Supplied records ->
◇ ◇ ◇
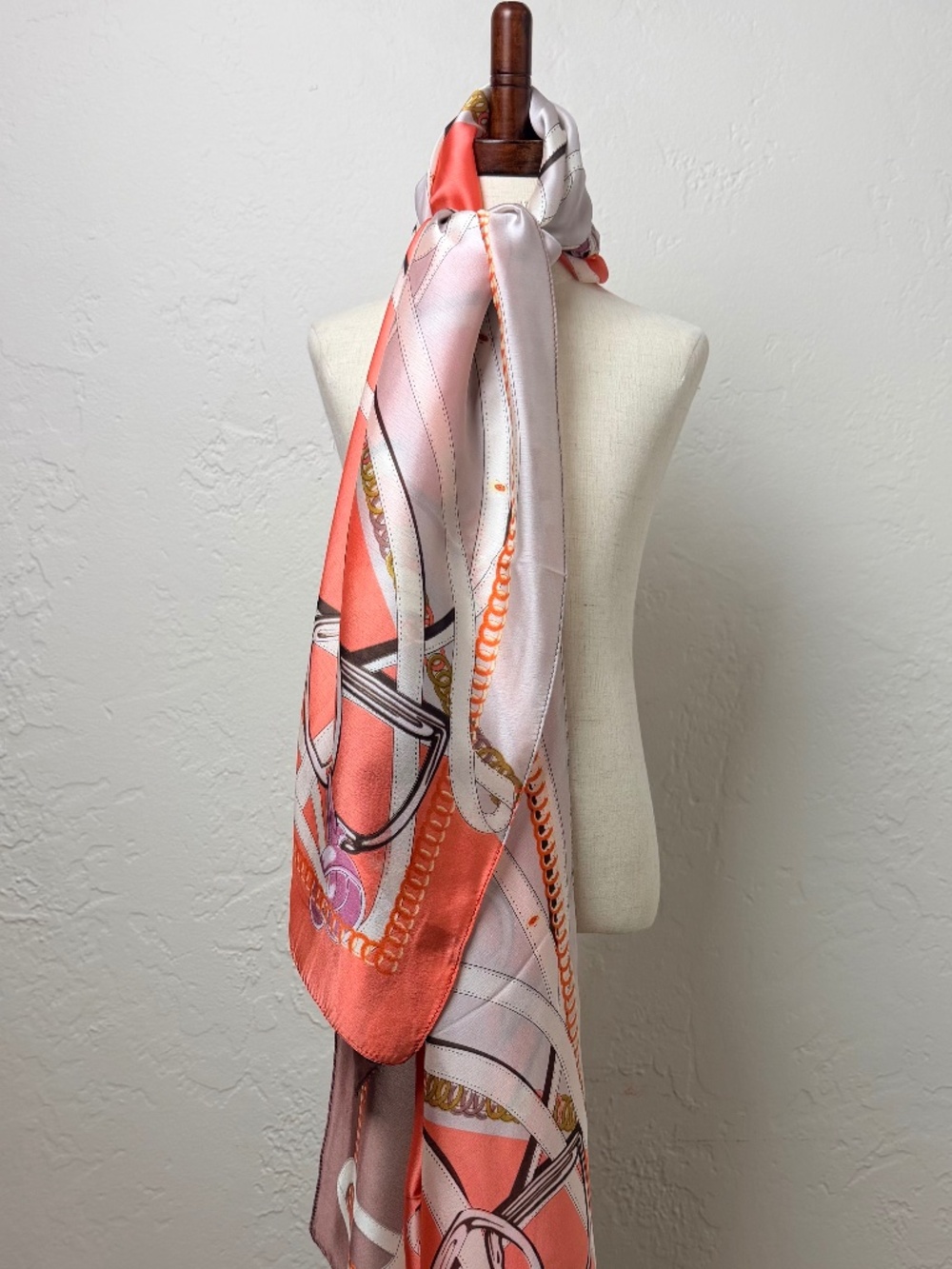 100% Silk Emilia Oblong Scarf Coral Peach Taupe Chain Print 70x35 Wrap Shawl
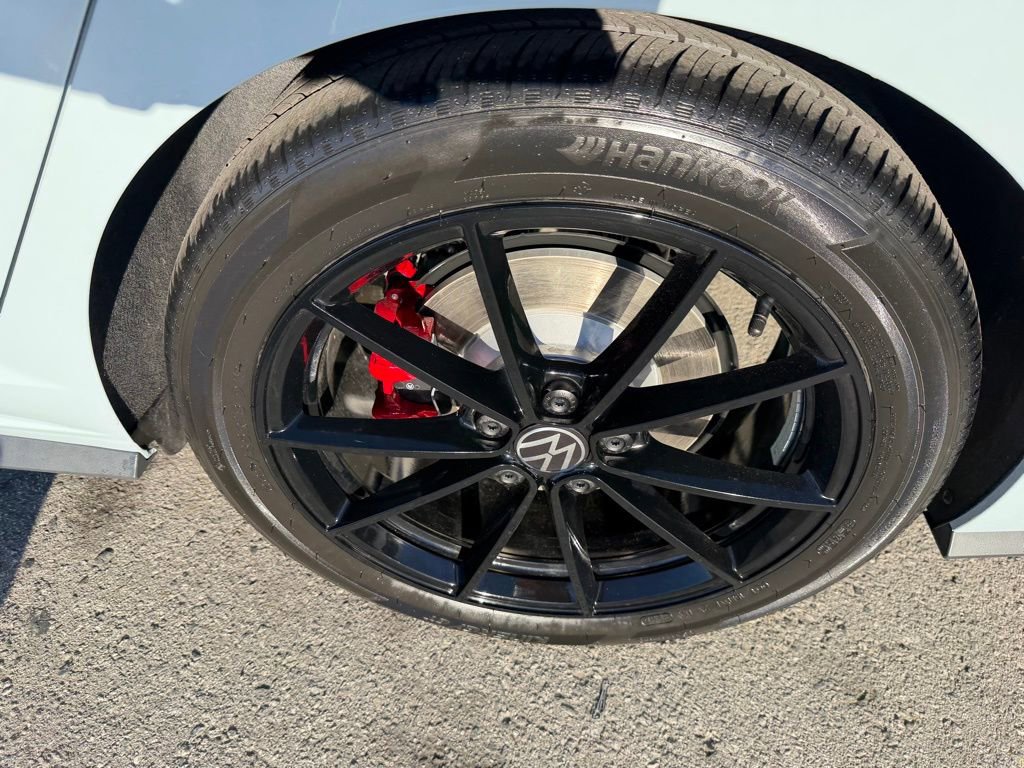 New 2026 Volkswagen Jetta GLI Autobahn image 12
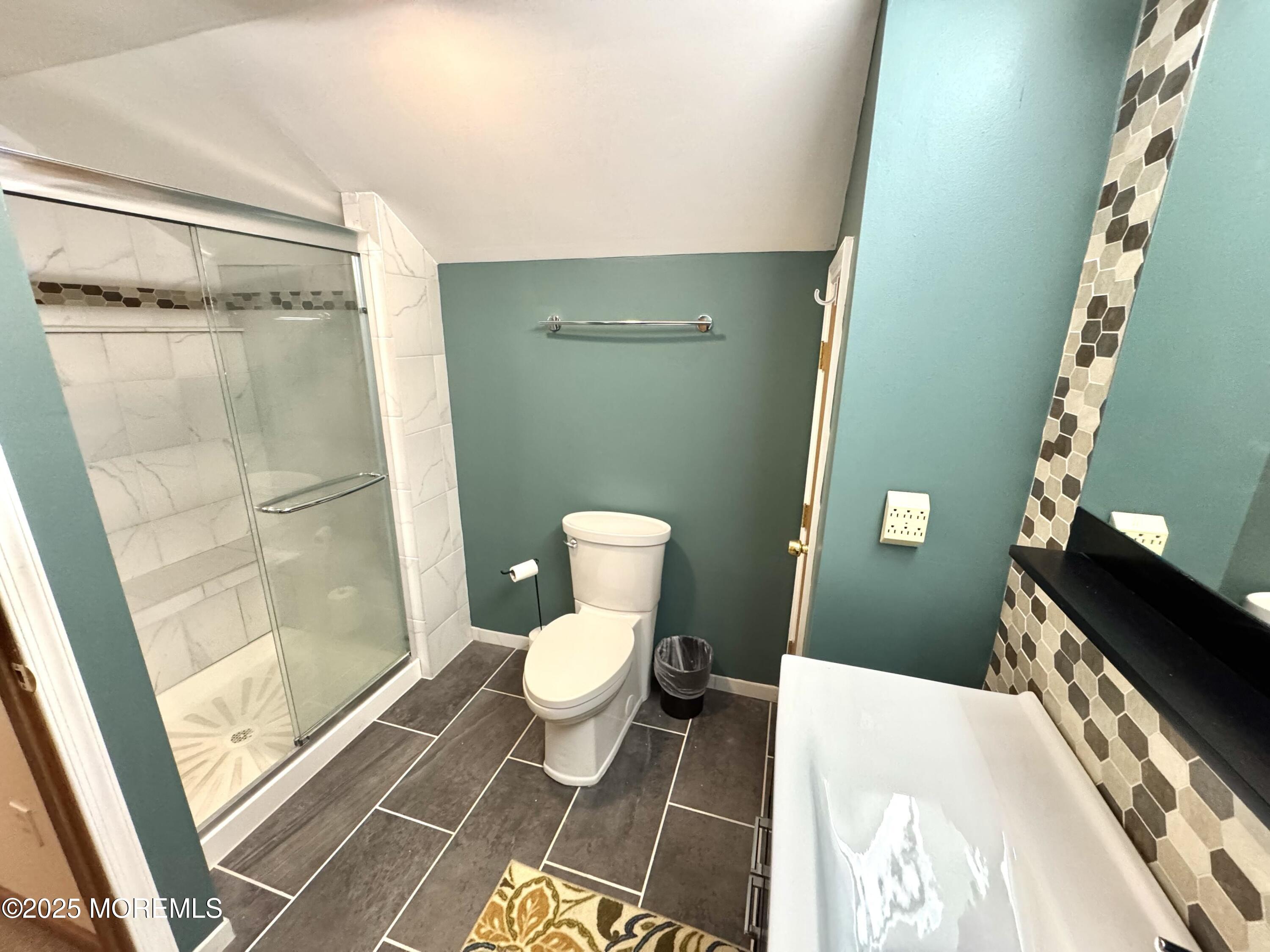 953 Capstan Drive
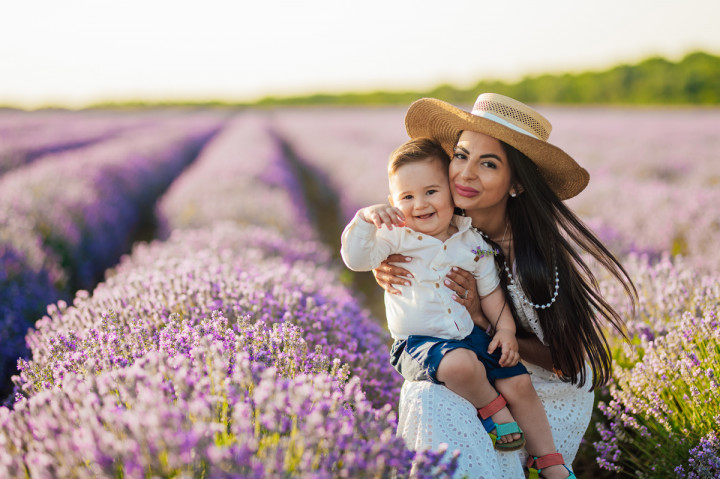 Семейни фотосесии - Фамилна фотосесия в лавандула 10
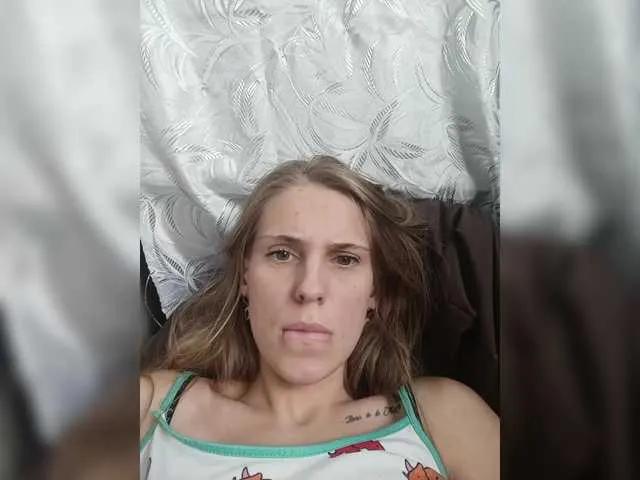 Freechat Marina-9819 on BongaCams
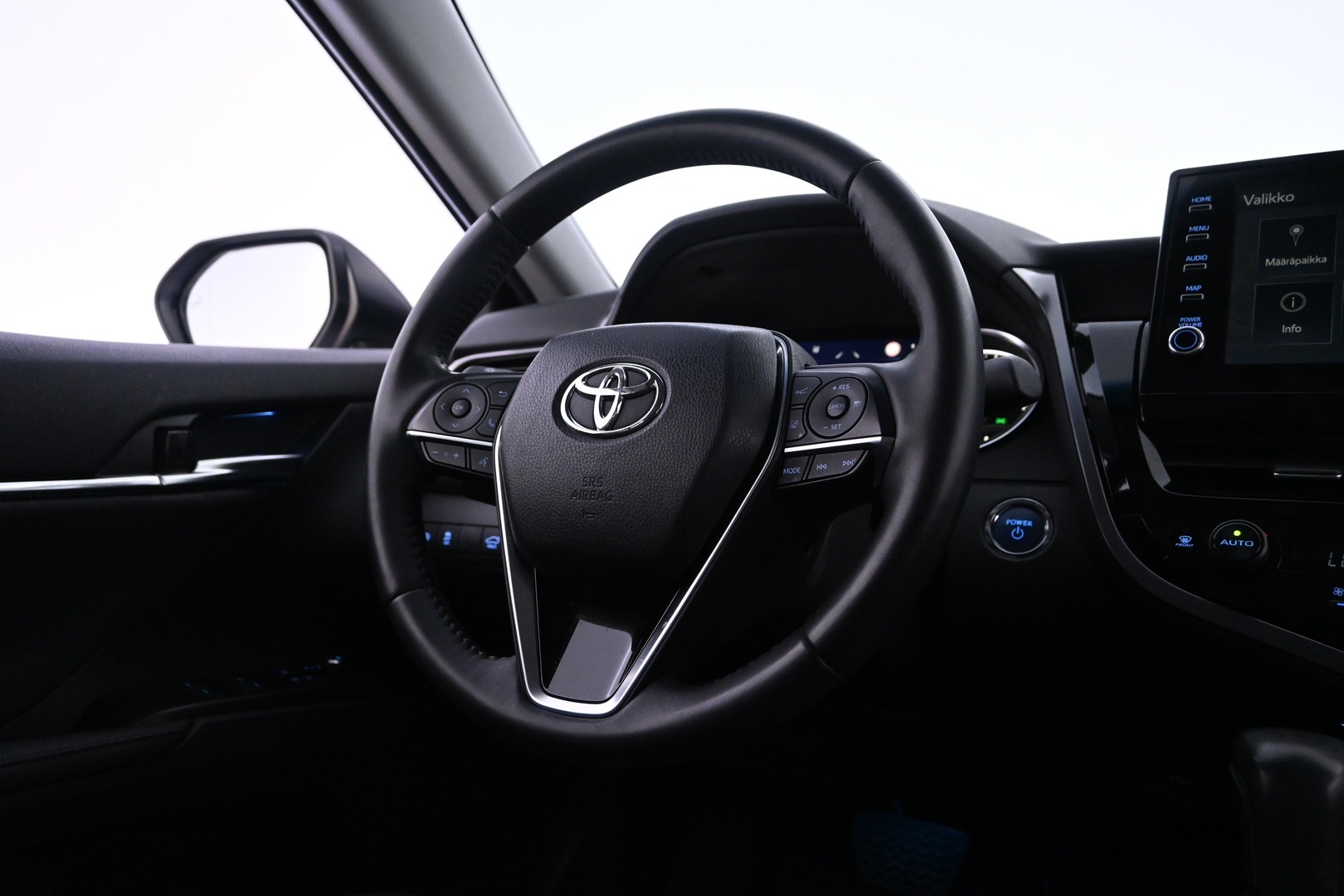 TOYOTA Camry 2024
◇ ◇ ◇
Directions for this task ->
Begin with the line that has "953 Capstan Drive" and continue to the last line of the entries, printing each line exactly and nothing else; include both ends and skip the pictures.

Task answer ->
 953 Capstan Drive
 Семейни фотосесии - Фамилна фотосесия в лавандула 10
 Freechat Marina-9819 on BongaCams
 TOYOTA Camry 2024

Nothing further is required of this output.